Directions For Bands
I’ve seen a lot of bands. I’ve been in a few bands. I’ve realised at some recent gigs that some bands miss some of the basics on how to present themselves on stage. Here’s my take on some guidelines for bands. Not every single one needs to be followed but break more than a few and I think it’ll come over as a lack of experience (or rudeness):
- When the gig starts, you get announced, you step up on stage and immediately start playing at least one instrument. It matters not what, but something needs to kick off. Make a sound or a beat and have the audience be made aware that the gig has started; not tuning, not discussing which song, not having a drink, not sound checking. If you don’t sound right now then the soundperson should fix it from the desk.
- At the end of the first song, you say hello to the crowd over the top of the run-in to song two. A quick hi. Now is not the time to let people drift off - you’ve got to keep bringing them in.
- Don’t ever announce “That’s from our X album” - the audience that doesn’t care REALLY doesn’t care and those that do already know so don’t insult them.
- Playing 10 tracks? Play at least 9 your main audience can identify as faves.
- Playing 20 tracks? Play at least 17 your main audience can identify as faves. More than three tracks from your critically-panned-wildly-different-genre album if the gig hasn’t been billed as “an evening of music from our critically panned album” is not your band fulfilling your side of the deal.
- Smile.
- Swap instruments as little as possible (unless your schtick is that you are truly multi-instrumental). (Like, truly multi-instrumental). Generally, faff is bad.
- If a piece of music requires a special instrument, think about how you could either play many songs on that instrument OR play that solo/special bit on your normal instrument - the chances of you looking way less cool than you think you look are pretty high otherwise.
- Really question whether you need to ask the sound tech for anything during the gig. If they are good at their job they’re already fixing what isn’t working for you and if they aren’t good then you need a different technician for your next gig.
- Unless it’s rehearsed, you may only ask the lighting team for in-gig deviation from the lighting plan if it’s for house lights and it’s because someone in the crowd is having an emergency.
- Put on your big person pants - if you are anything other than choking then you don’t need some runner to bring you a fresh drink. If you forgot, that’s on you.
- Don’t argue with your band on stage. In-band banter whilst on the stage should be minimal (read none).
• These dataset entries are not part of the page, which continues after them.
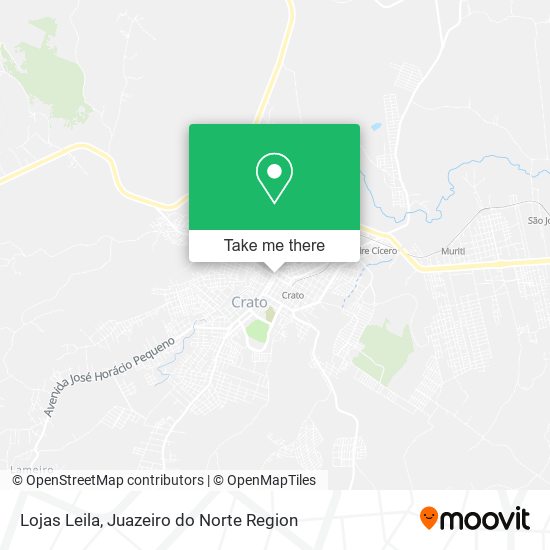 Lojas Leila map
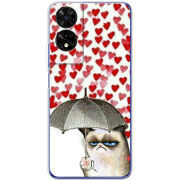 Чохол BoxFace TCL 505 Raining Hearts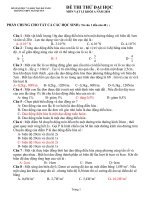 Đề thi thử đại học năm 2010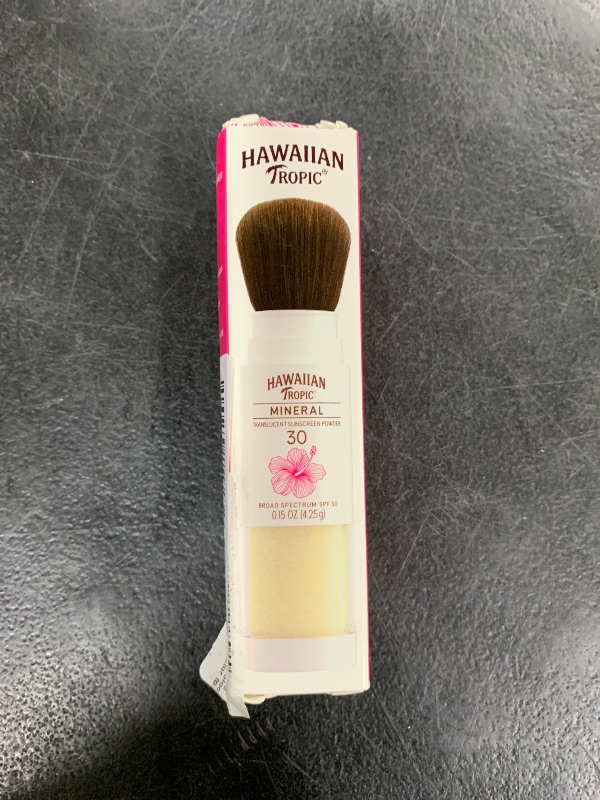 Photo 1 of Hawaiian Tropic Mineral Powder Sunscreen Brush SPF 30 | Beach Essentials, Zinc Oxide Mineral Sunscreen Powder SPF, Face Sunblock Travel Size, Brush On Sun Screen Protector for Face and Body, 0.15oz
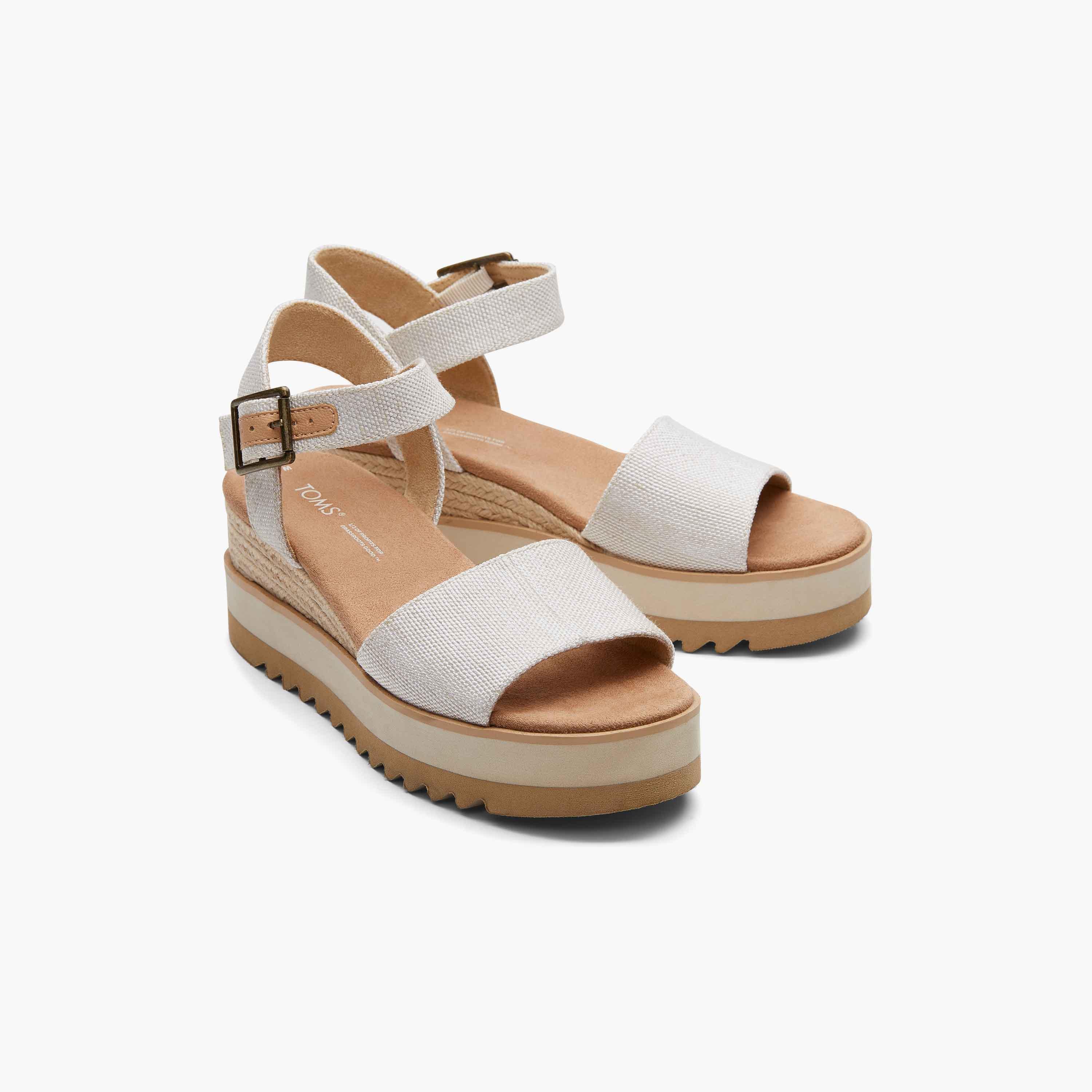Toms Diana Women's Wedge Heel Sandals with Buckle Closure-women-shoes-heels-image-1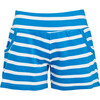 Women's Quince Short, Breakpoint Blue/ White - Shorts - 1 - thumbnail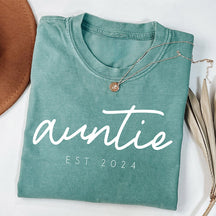 T-shirt imprimé lettre Cool Auntie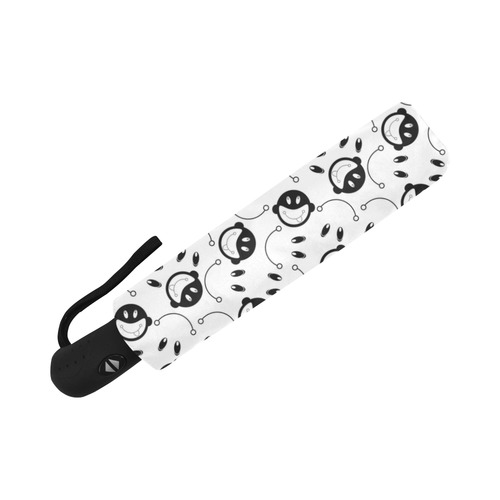 black and white funny monkeys Auto-Foldable Umbrella (Model U04)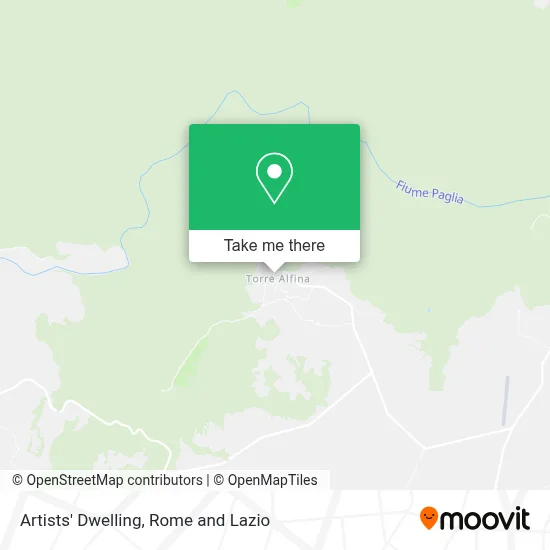 Artists' Dwelling map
Again, unless this is your schtick.
- Don’t chat football, politics or gossip. Don’t diss the venue, staff, security, other bands, the drummer, your sibling or your ex. You can thank the audience for coming in exceptional weather. Bonus if you have a song that relates to that weather or names their city.
- State two songs before the end that you have two songs to go, and that you’re not wasting a song’s space to pretend leave the stage. Be very clear that there will be no encore.
- Unless you are a covers band you are allowed one cover only. Check in advance with a few local fans if the one you’ve chosen will be okay - you don’t want to pick something super divisive.
- Use a silent tuner pedal.
- Stick to the agreed set list and set times. Turning up on stage early will create rage, and running over will just result in a flow of people having to get transport or whatever they have on next - don’t be that band.
- Each member can get a solo. You don’t need to name your band members - the lead singer waving their hand in the direction of the soloist and smiling will get the appropriate applause.
- Play your final two songs. Applause, bow, wave, shout a broad thank you like “thank you to everyone who made tonight happen” and exit the stage. Pre-arrange that your sound person will immediately put on exit music.
- Treat your fans nicely.
- You’re being paid - put on the best you can.
What’s your take on what bands should do to maintain a good stage presence?